1957 novel by Marcel Pagnol

My Father's Glory (La Gloire de mon père, /fr/) is a 1957 autobiographical novel by Marcel Pagnol. Its sequel is My Mother's Castle. It is the first of four volumes in Pagnol's Souvenirs d'enfance series. There is also a 1990 film based on the novel, which is directed by Yves Robert.

==Plot summary==

A poetic novel about his family and early years rather than a literal autobiography, Pagnol opens with the stories of his two parents, Joseph and Augustine, and his arrival in 1895 as their first child in the little town of Aubagne among the mountains of Provence. A school teacher there, the fiercely secular and socialist Joseph then gets a better job in the bustling city of Marseille. There his mother's sister Rose is courted by the fiercely conservative and Catholic Jules, who marries her. Despite striking many sparks off each other, the two brothers-in-law overall enjoy each other's company. So much so that in 1904 they agreed to rent a remote farmhouse outside the village of La Treille, where the two families can spend their summer together and get back to the simple pleasures of rural life. After a long struggle up mountain tracks, with their belongings on a mule, they reach what for young Marcel is an earthly paradise. He falls instantly in love with the wild landscape, its distinctive vegetation, and its abundant wildlife.

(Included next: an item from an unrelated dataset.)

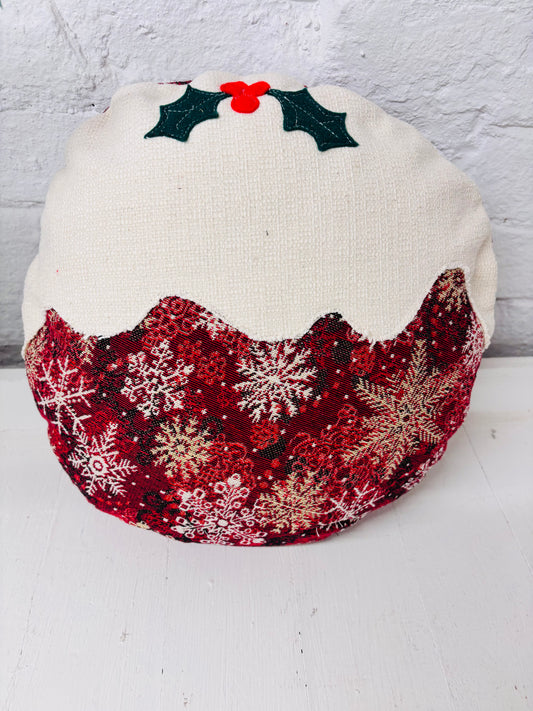 Christmas pudding  Nadolig llawen lux Red and Gold Cushion .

While he and his little brother Paul spend their days in happy play among the hills, his father and uncle have a weightier business. It will soon be the opening of the shooting season and, now they are proper countrymen rather than city intellectuals, they must be out with shotguns in search of game. As Joseph has never fired a gun in his life, Jules has all the pleasure of teaching the ignorant teacher the mysteries of this craft. In addition to learning how to use the weapon, Joseph has to learn how to bring down all the different sorts of game, above all the most legendarily difficult and rewarding local bird. This is the rock partridge, of which few men have hit more than a couple of tail feathers. On the great day, the two set off and young Marcel disobeys them by following, for he is terribly worried that his shy spectacle-wearing father will be humiliated by the loud know-all uncle. Trying to keep out of sight, the boy gets lost in the uninhabited mountains, until after several hours he hears two shots in quick succession. Out of the sky near his feet fall two rock partridges. His father got them, his only kill of the day, by firing both barrels. Next day, Joseph volunteers to go down to the village for the shopping and ties the two carcasses to his belt. The whole community is lost in admiration for his unparallelled feat and the priest is so impressed that he overcomes Joseph's atheist scruples by rushing home for a camera to record this historic moment.